Jest jednak Grudzień i pojawiło się nowe pytanie – czy jest sens zaczynać się odchudzać teraz, kiedy Święta są już za pasem? Kilka dni obżarstwa na pewno zniweluje wszystkie moje starania, więc czy nie lepiej odpuścić na te kilkanaście dni swoje plany i zacząć zaraz po Gwiazdce? Odpowiedziałem sobie od razu:

Nie kombinuj, zacznij teraz

Ponieważ teraz jest dobry moment na to, żeby zacząć. Nie będę się usprawiedliwiał i znowu kombinował, szukał wymówki, żeby po raz kolejny odłożyć odchudzanie w czasie. Teraz jest dobry moment i tyle. To świetna okazja, żeby samemu sobie sprawić prezent! Ale dlaczego? Muszę przecież racjonalnie wyjaśnić samemu sobie oraz Wam drodzy czytelnicy, czemu tak jest.

Już spieszę z wyjaśnieniem. Jeżeli planujesz zacząć odchudzanie, warto już wystartować, ponieważ do Świąt zostało jeszcze trochę czasu, wystarczająco dużo, żeby zmienić swoje nawyki żywieniowe, zacząć regularnie ćwiczyć i przyzwyczaić się do nowego, zdrowszego stylu życia.

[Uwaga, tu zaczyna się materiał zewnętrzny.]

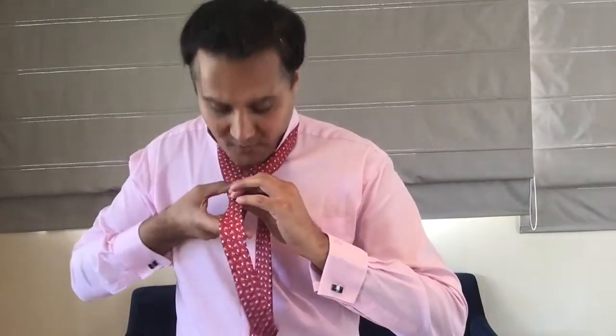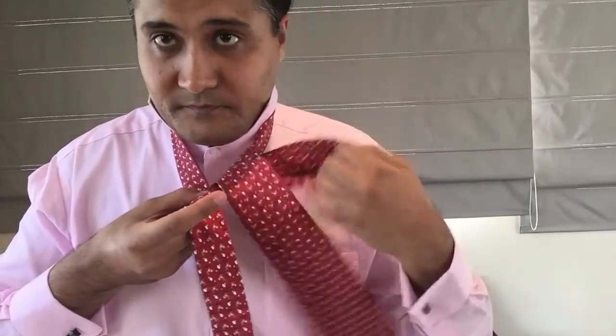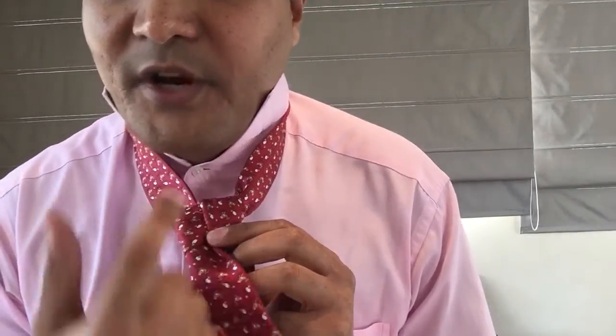Start with an X, with the wide end of the tie crossing over the skinny end. Wrap it around underneath once — it's an X, wrap underneath once, bring it through, wrap underneath once more and bring it through. You'll see up here that this creates a triangle — this is the base of a half Windsor. A half Windsor wraps underneath and through once to create substance for the knot.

Miej już za sobą pierwsze kroki

Oczywiście w ciągu dwóch tygodni nie zobaczę efektów, nie spodziewam się przecież cudów, ale może uda mi się zrzucić kilogram lub dwa. Poza tym, tak jak już napisałem, przyzwyczaję się do nowego sposobu odżywiania (i na pewno skurczę żołądek) oraz wypracuję zwyczaj regularnego ćwiczenia – a przecież o to chodzi.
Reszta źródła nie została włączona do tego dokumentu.